Man showing his courage

I recently found myself standing seven meters above the ground on a trapeze platform—in a safety harness, attached to safety ropes, with a safety net below me and a muscle bound man standing close behind—after signing up for a fun morning out at a trapeze school. As I peered down at the net, I was suddenly overcome with fear. While I intellectually knew that I couldn’t hurt myself, I was still gripped with fear and terrified of leaning out to take the bar. It was a potent reminder that unless we manage our fears, they will manage us. It’s also why I believe that one of the most powerful questions you can ever ask yourself is: What would I do if I acted from courage?

If Only I Had the Courage…

How many times have you thought to yourself “If I only had the courage!”?

The courage to make that change, take that chance, speak my mind, say No to something that doesn’t inspire me, or say Yes to something that does.

Arrghh, if only…” we tell ourselves as we weigh up the risks, and focus on all that might go wrong. Desperate to avoid nagging feelings of regret, we do our best to rationalize why sticking with the status quo isn’t so bad. While we clutch onto whatever evidence we can find to ease regret and keep doubts at bay. All the while somewhere, deep inside, we wish we’d been braver.

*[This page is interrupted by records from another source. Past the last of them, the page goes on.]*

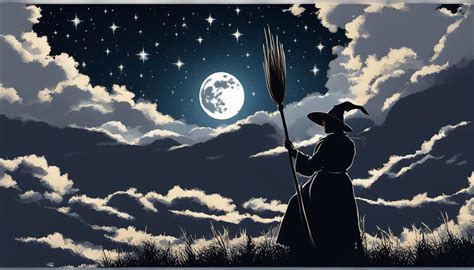 Flying on a Broomstick: The Fascinating Mythology and Folklore Behind the Image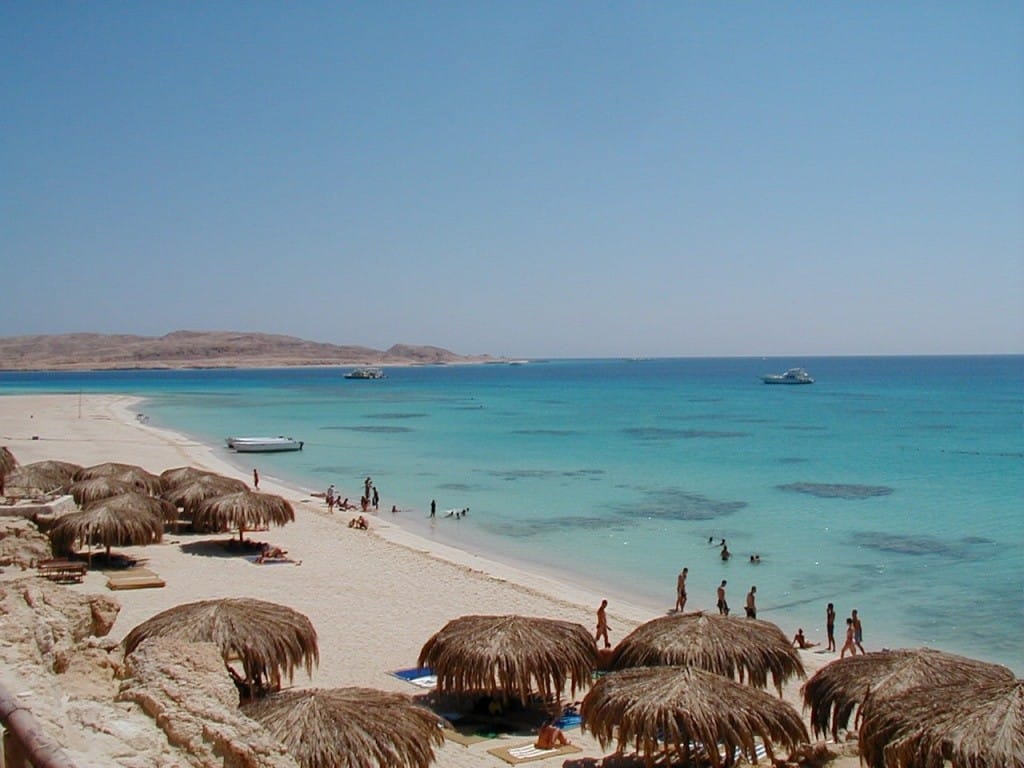 Hurghada, Egito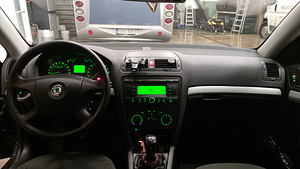 Škoda octavia (2 фото из 13)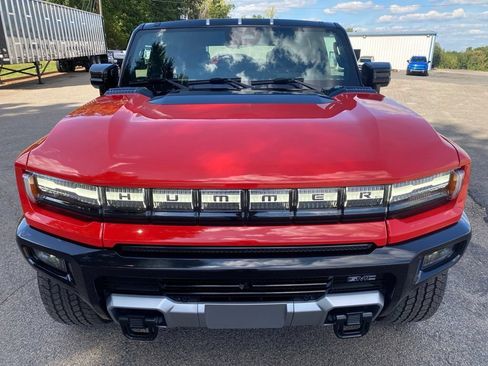 Used 2026 GMC Hummer EV SUV AWD/4WD image 8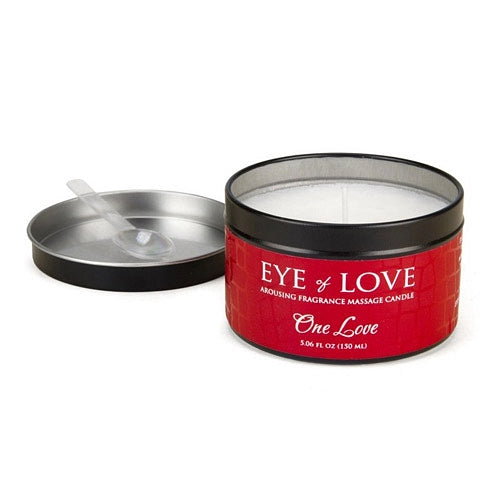 EOL One Love Massage Candle F-M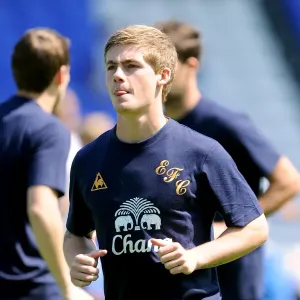 Everton's Conor McAleny Shines: Pre-Season Action vs Birmingham City (July 2011)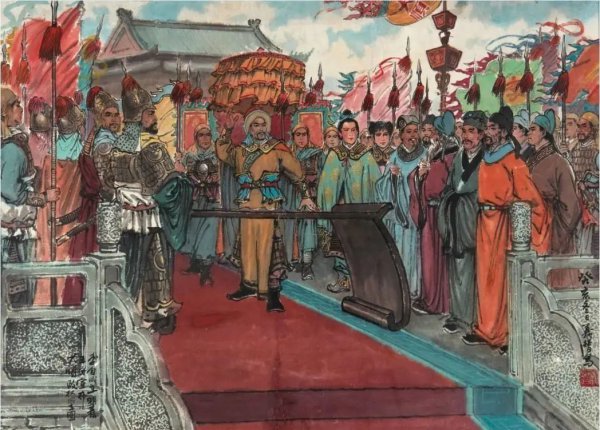 李自成是哪个朝代的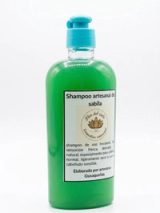 Shampoo artesanal de sabila — imagen 2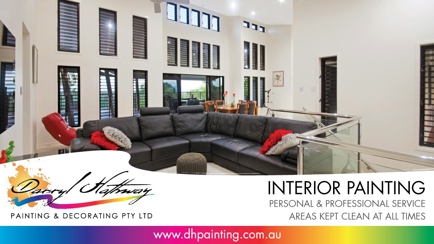 Darryl Hathway Painting and Decorating Hero Image
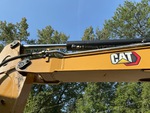 Hydraulics with Stick Cylinder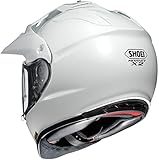 Shoei HORNET X2 WHITE MED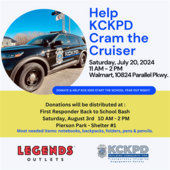 Pack the Cruiser Event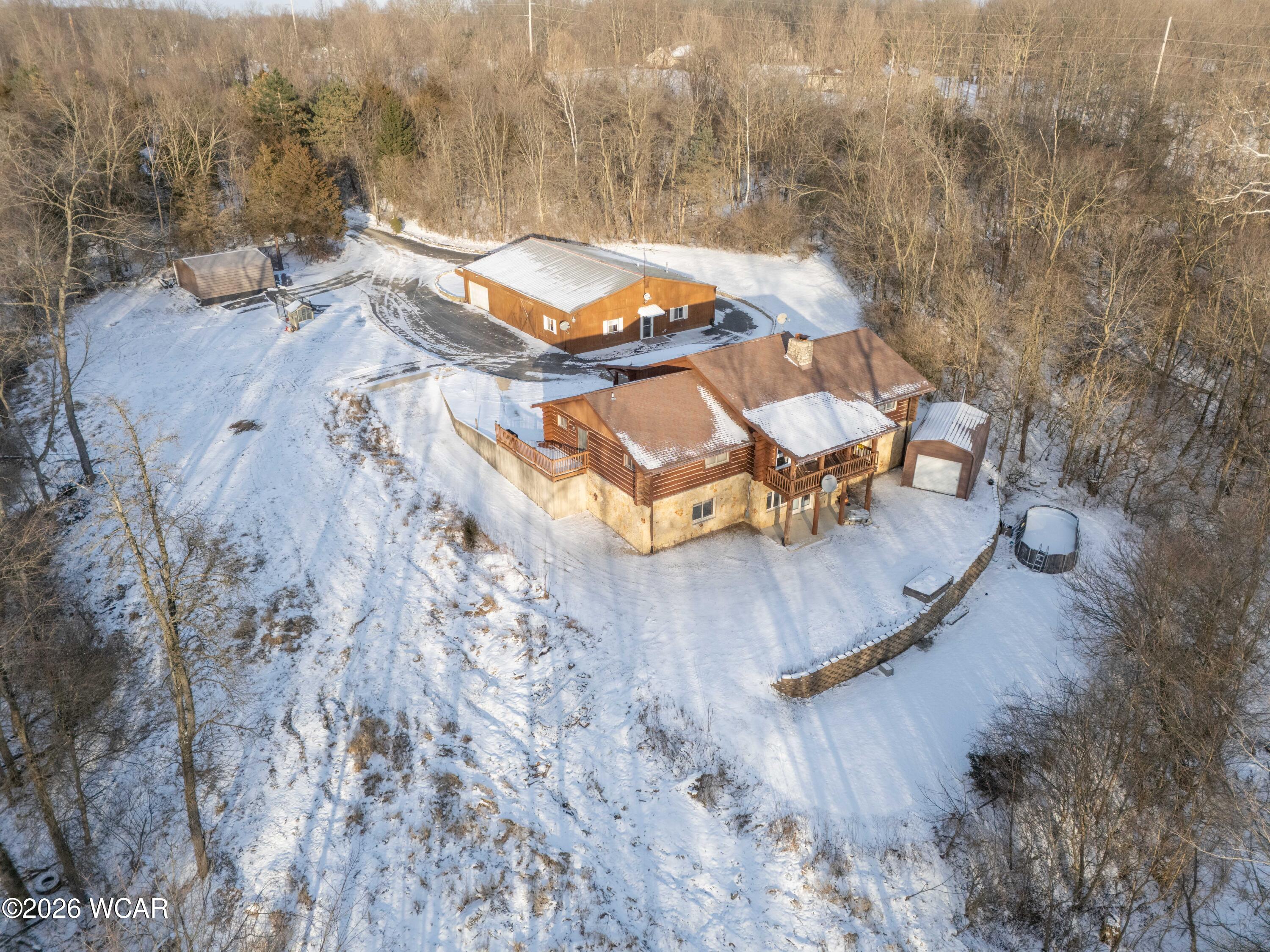 3095 Thompson Schiff Road, Sidney, Ohio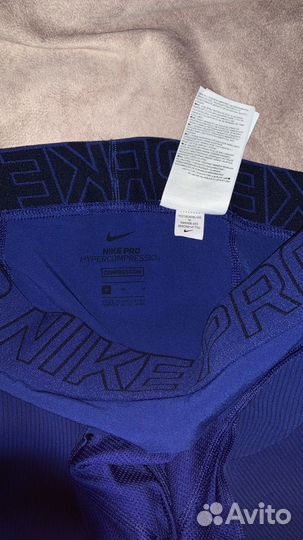 Лосины теплые Nike Pro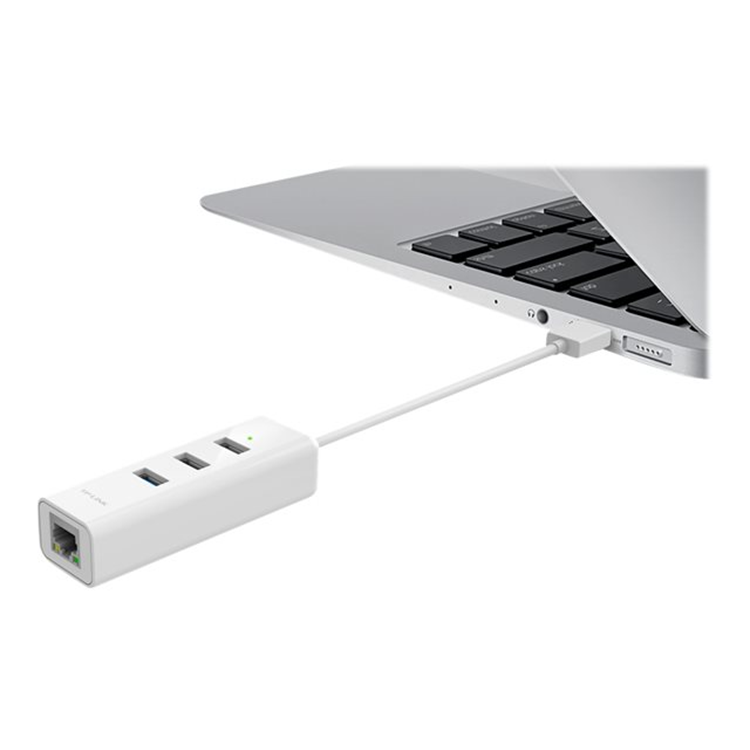 USB 3.0 to Ethernet Adapter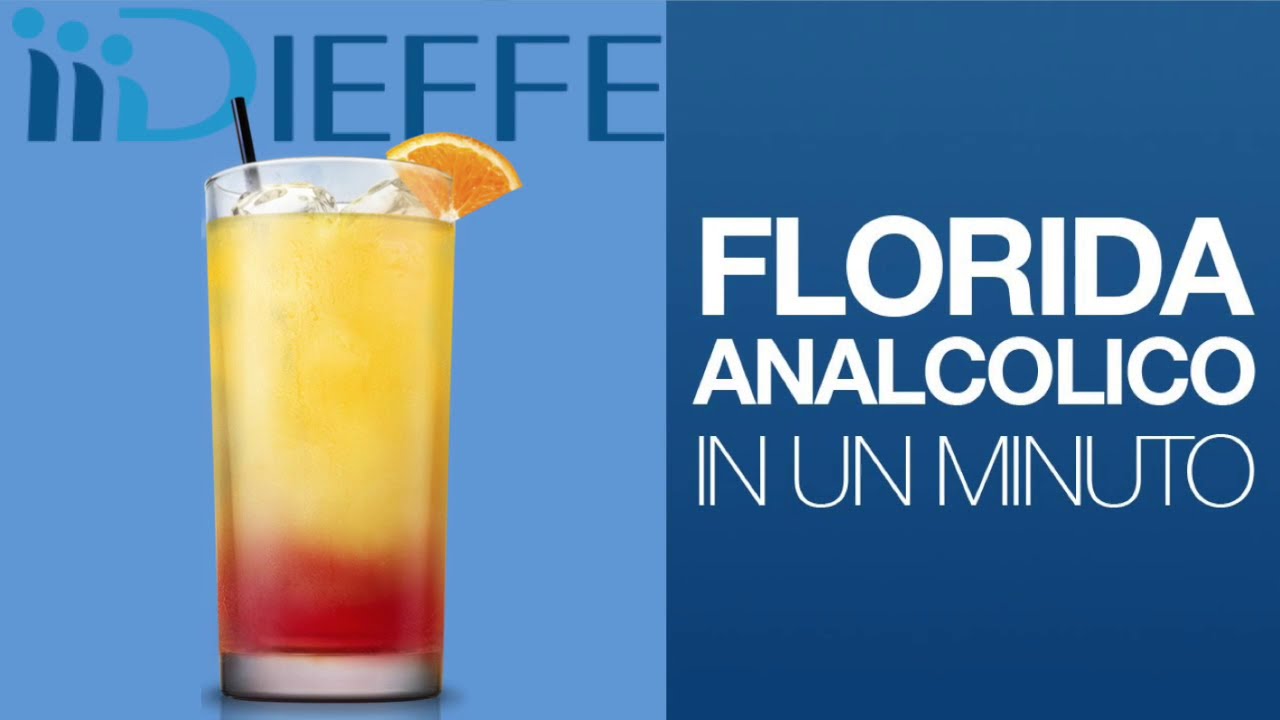 tutorial Florida Cocktail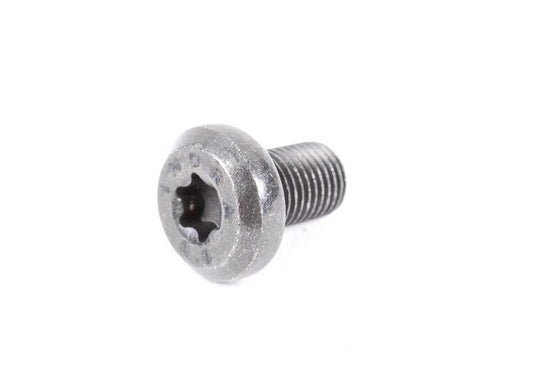 Tornillo de fijación OEM 72118175042 para BMW E39, E38, E52. Pieza original BMW para elementos del cinturón de seguridad y sus anclajes delanteros. Original BMW.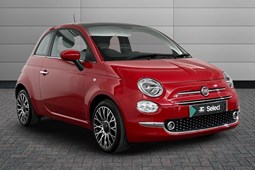Fiat 500 Hatchback (08-24) 1.0 Mild Hybrid Top 3dr For Sale - John Clark SEAT Aberdeen, West Tullos Industrial Estate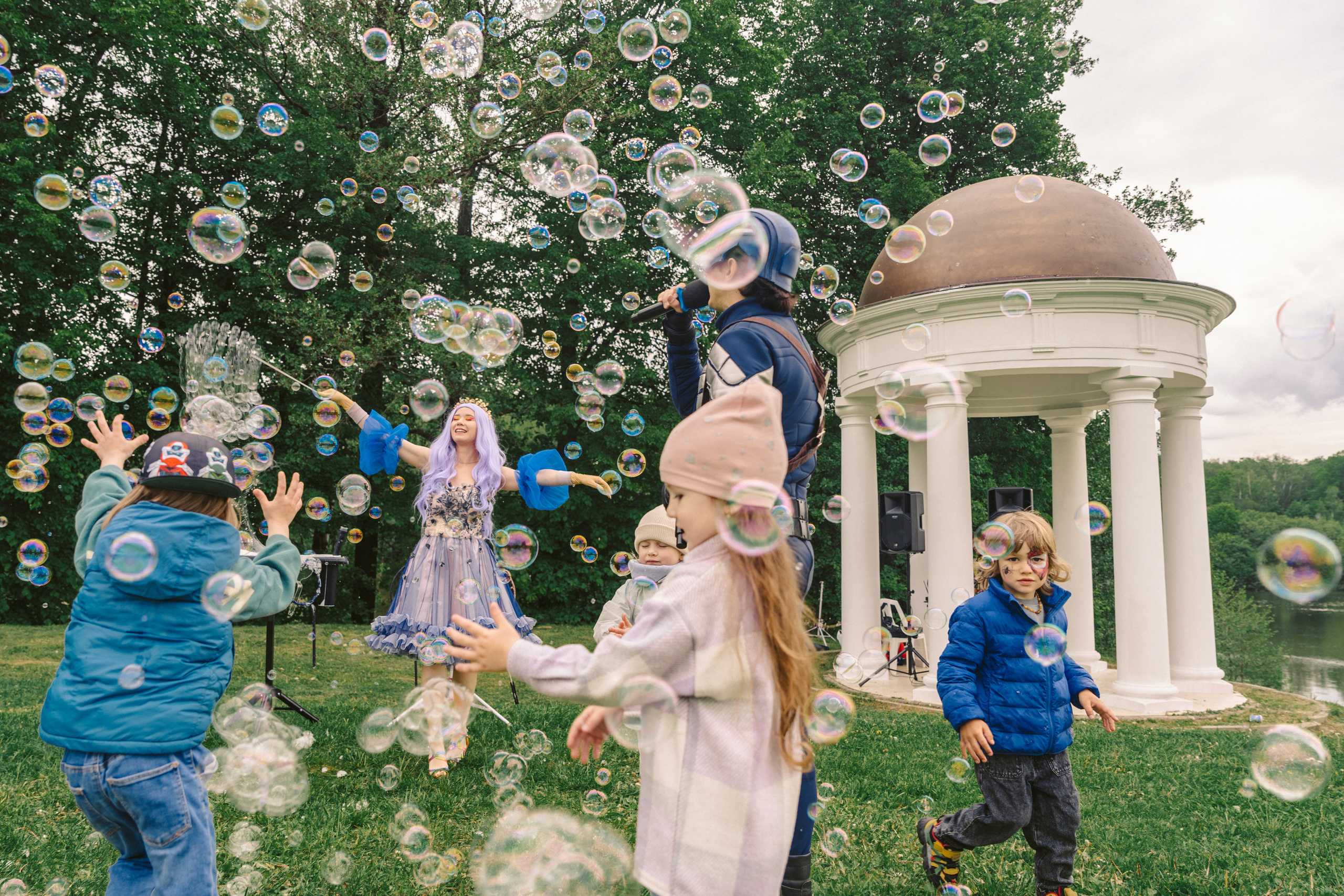 День рождения Матвея. Фотограф Никита Комаров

Talk to anyone in the twilight years of their life and they are likely to tell you that when they look back on key decisions in their life, they wish they’d acted with less timidity and greater boldness. Many people—old and not so old alike—have shared with me how looking back on even just the last 10 years they can see how they underestimated themselves too much, played safe too often and, if given the chance to do it over, would have leaned more toward risk and less toward caution.

Which is why I am passionate about challenging people to rethink risk, to expand the vision that they have for their life and to be more courageous—in work, in love and in life. Having witnessed the possibilities that can open up when people decide to stop playing safe, I know that even the most timid souls and risk-averse worriers can act with courage. That is, to take action in the presence of their fears and doubts, not in their absence.

Living With Courage Means Living Wholeheartedly

The word courage comes from the French cor, meaning heart. So at the core of courage is choosing to live wholeheartedly—to bare your heart wide open to the full spectrum of experiences and emotions; to stop letting fear run your life, and to start owning your power to create, achieve, become and contribute all that inspires you.

But how do you move beyond the platitudes and T-shirt slogans about being bold and living fearlessly? How do you actually take that brave audacious leap of faith over a chasm of fear?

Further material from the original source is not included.